[INT4 Quantization] failed:Node (/query_key_value/MatMul_Q4) Op (MatMulFpQ4) [ShapeInferenceError] 4b quantization not yet supported on this hardware platform! #17883

zjc664656505 · 2023-10-11T04:38:04Z

Describe the issue

I recently use intel@neural_compressor and the onnxruntime matmul_weight4_quantizer.py for doing the int4 weight-only quantization on my models. The model is successfully quantized. However, when I created session and run inference on it, I get the error onnxruntime.capi.onnxruntime_pybind11_state.Fail: [ONNXRuntimeError] : 1 : FAIL : Load model from /path/to/Llama-2-7b-hf-onnx-int4/decoder_model.onnx failed:Node (/query_key_value/MatMul_Q4) Op (MatMulFpQ4) [ShapeInferenceError] 4b quantization not yet supported on this hardware platform!

My current onnxruntime version is onnxruntime 1.16.0, which should support the int4 quantized model based on the documentation - documentation link1, documentation link2.

I have also tried different provider including CPUExecutionProvider, CUDAExecutionProvider, but none of them works for loading the quantized int4 model. The CPU and GPU Models that I'm using are AMD Ryzen Threadripper 3970X 32-Core Processor and Nvidia RTX A6000 respectively.

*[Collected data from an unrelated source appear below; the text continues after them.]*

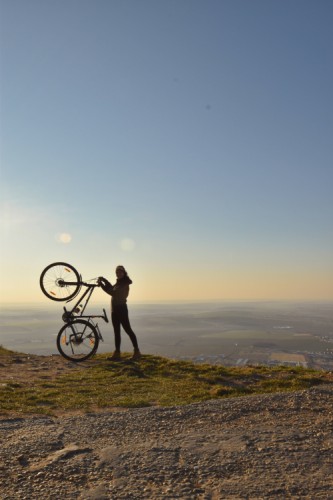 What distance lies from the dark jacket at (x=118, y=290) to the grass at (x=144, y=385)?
2.58 m

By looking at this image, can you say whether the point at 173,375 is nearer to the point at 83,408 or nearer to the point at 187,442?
the point at 83,408

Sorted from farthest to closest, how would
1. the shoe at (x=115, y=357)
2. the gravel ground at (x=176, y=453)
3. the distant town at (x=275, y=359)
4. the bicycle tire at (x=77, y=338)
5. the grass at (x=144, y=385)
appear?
the distant town at (x=275, y=359) < the shoe at (x=115, y=357) < the bicycle tire at (x=77, y=338) < the grass at (x=144, y=385) < the gravel ground at (x=176, y=453)

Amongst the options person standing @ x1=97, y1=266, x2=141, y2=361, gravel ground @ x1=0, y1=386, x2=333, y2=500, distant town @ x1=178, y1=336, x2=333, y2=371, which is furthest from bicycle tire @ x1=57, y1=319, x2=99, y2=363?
distant town @ x1=178, y1=336, x2=333, y2=371

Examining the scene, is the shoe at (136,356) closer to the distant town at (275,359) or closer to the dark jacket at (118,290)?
the dark jacket at (118,290)

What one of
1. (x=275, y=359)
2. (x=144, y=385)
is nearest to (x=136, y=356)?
(x=144, y=385)

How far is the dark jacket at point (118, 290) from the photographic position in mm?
14938

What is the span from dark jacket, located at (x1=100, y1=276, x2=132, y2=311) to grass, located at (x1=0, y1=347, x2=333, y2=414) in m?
2.58

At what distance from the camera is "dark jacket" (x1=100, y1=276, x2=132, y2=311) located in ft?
49.0

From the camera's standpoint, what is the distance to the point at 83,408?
7930 millimetres

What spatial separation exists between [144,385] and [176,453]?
16.9 feet

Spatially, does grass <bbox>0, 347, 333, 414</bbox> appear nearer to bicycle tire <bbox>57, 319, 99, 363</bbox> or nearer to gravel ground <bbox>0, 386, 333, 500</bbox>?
gravel ground <bbox>0, 386, 333, 500</bbox>

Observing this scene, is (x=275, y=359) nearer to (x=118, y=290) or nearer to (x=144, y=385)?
(x=118, y=290)

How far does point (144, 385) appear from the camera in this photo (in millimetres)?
10273

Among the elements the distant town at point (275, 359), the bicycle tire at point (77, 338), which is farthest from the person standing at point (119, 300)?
the distant town at point (275, 359) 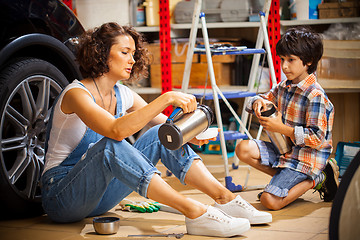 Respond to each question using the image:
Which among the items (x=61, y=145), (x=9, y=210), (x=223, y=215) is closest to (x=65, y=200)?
(x=61, y=145)

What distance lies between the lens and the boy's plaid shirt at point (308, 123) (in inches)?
101

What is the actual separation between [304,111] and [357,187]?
1.42 m

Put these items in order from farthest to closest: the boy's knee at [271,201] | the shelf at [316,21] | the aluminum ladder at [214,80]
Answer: the shelf at [316,21]
the aluminum ladder at [214,80]
the boy's knee at [271,201]

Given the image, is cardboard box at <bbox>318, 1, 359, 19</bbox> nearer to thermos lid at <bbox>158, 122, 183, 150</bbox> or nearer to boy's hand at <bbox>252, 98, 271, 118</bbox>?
boy's hand at <bbox>252, 98, 271, 118</bbox>

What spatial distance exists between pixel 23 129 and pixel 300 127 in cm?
128

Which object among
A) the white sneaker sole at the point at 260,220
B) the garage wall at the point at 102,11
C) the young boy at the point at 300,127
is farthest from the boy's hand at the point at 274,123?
the garage wall at the point at 102,11

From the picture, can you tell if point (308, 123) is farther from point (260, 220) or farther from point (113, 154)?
point (113, 154)

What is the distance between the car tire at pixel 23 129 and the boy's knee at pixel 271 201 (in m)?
1.06

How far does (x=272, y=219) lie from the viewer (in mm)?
2396

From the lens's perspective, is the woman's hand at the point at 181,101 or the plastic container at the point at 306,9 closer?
the woman's hand at the point at 181,101

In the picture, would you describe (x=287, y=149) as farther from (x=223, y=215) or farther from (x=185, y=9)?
(x=185, y=9)

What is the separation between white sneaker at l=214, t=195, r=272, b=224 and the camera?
2221 mm

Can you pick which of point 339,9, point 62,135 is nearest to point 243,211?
point 62,135

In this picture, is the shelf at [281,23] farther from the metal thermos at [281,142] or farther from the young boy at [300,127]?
the metal thermos at [281,142] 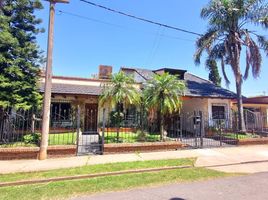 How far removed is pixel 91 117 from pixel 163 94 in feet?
26.8

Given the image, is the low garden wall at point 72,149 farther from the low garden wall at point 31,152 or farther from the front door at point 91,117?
the front door at point 91,117

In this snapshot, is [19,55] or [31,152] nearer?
[31,152]

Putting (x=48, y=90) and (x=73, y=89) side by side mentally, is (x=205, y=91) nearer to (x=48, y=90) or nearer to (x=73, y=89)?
(x=73, y=89)

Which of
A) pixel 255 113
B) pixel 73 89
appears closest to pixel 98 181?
pixel 73 89

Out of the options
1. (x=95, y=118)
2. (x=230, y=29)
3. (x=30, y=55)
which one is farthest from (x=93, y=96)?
(x=230, y=29)

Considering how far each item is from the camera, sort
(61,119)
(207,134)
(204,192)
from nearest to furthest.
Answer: (204,192) → (207,134) → (61,119)

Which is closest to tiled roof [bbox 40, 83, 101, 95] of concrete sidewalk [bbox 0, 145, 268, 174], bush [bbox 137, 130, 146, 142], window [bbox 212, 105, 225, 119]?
bush [bbox 137, 130, 146, 142]

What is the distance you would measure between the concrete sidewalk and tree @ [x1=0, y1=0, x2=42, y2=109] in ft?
11.6

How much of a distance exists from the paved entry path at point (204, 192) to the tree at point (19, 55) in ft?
25.1

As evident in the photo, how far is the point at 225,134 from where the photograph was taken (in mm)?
15258

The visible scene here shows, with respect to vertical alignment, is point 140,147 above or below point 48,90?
below

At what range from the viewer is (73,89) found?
1802 cm

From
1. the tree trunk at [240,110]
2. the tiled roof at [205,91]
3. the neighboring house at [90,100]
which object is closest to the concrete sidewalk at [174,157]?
the tree trunk at [240,110]

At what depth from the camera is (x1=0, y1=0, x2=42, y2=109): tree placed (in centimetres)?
1128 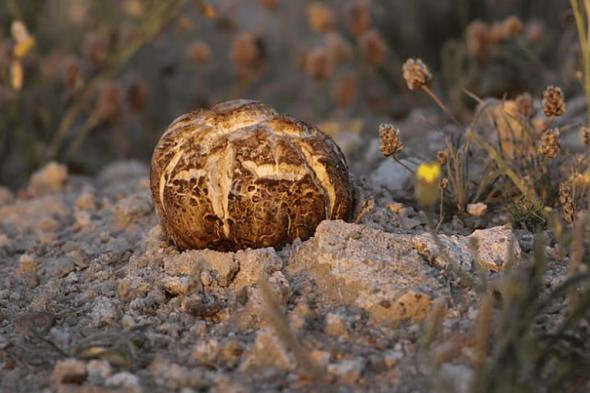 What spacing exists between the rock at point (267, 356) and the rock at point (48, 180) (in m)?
1.79

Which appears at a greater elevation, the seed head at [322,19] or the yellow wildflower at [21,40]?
the seed head at [322,19]

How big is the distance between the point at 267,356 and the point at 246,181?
481 mm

Need to note that I installed the onnxruntime using pip install onnxruntime==1.16.0.

Also, there is similar issue posted in the intel@neural_compressor repo. Could anyone help me with this issue?

@chenfucn @edgchen1

Is there any help?

To reproduce

To reproduce this issue, please follow the instruction:

quantize the model with matmul_weight4_quantizer.py:

om=load_model_with_shape_infer(Path("/path/to/Llama-2-7b-hf-onnx-int4/decoder_model.onnx"))
quant = MatMulWeight4Quantizer(om, 0)
quant.process()
quant.model.save_model_to_file("/path/to/Llama-2-7b-hf-onnx-int4/decoder_model.onnx", True)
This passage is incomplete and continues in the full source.